Secarik Surat Cinta Untuk Bunda

Oleh Liza Fathiariani 15 Mar 2012

Banda Aceh, 14 Maret 2012

Kepada yang tercinta

para Bunda

di

seluruh Indonesia

Assalamualaikum wr wb.

Hai Bunda, apa kabar? Semoga Bunda di sini dalam keadaan sehat walafiat dan Allah senantiasa melimpahkan rahmat dan karuniaNya untukmu. Aku di sana Alhamdulillah juga sehat. Ini semua berkat doamu Bunda. Terima kasih banyak, ya.

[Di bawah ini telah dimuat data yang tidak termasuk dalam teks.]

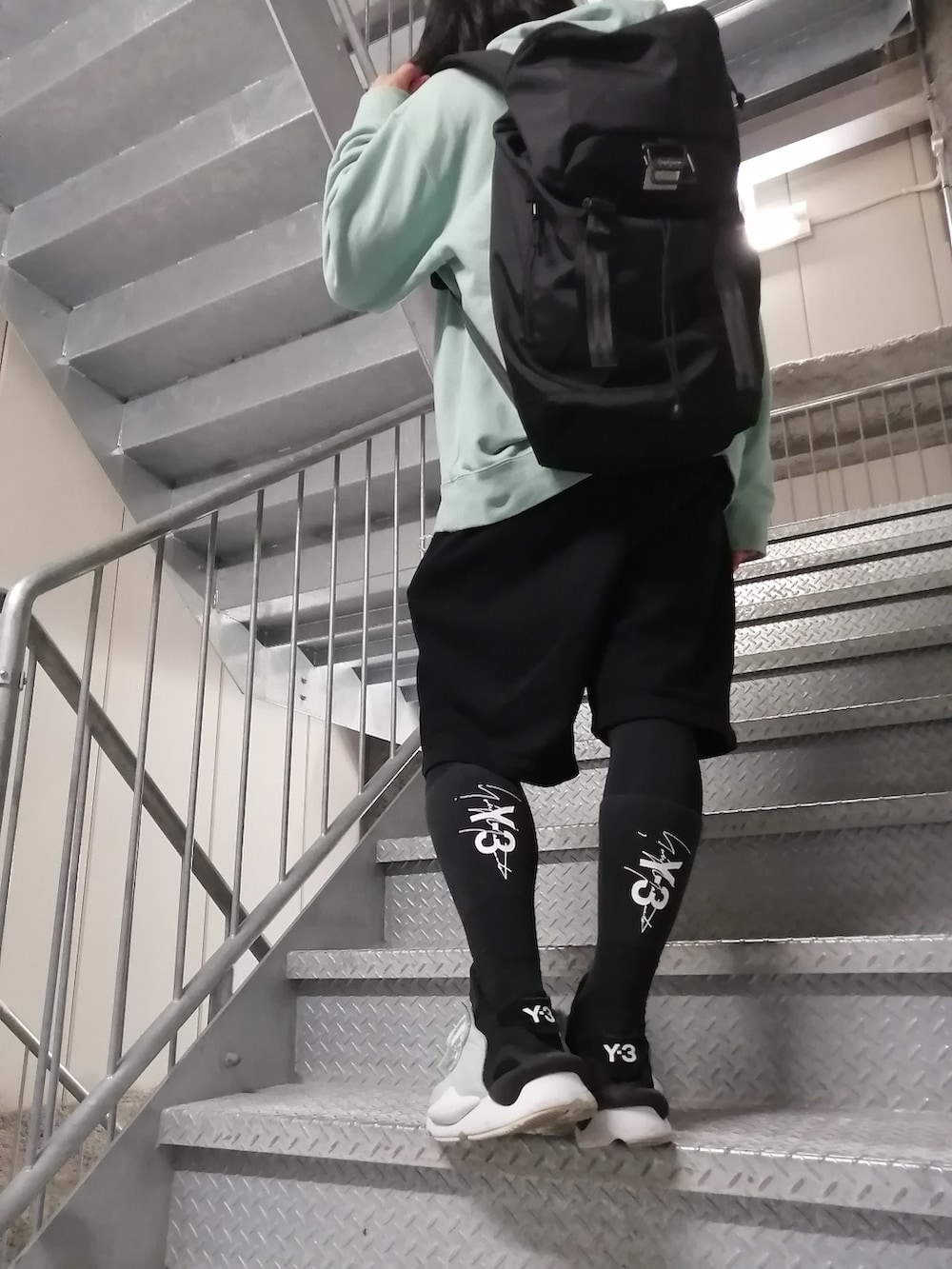 グリーン系のスニーカー、ブラック系のパンツ、グリーン系のパーカーを着用したメンズの春コーディネートの4枚目の写真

Pasti Bunda terkejut menerima suratku. Tanpa angin ataupun hujan, tiba-tiba lembaran ini telah berada di tanganmu. Surprise! Aku ingin memberimu kejutan. Sudah lama aku tidak menulis surat. Sejak jarak antara kita semakin dekat karena semakin canggihnya teknologi. Dan sekarang, aku berhasil mengirimkanmu surat.

Bunda… Tahukah engkau kalau aku sangat merindukanmu? Aku ingin melihat wajahmu, memelukmu, dan merasakan belaian lembut tanganmu. Tapi apa hendak dikata, engkau di sini dan aku di sana.

Bunda…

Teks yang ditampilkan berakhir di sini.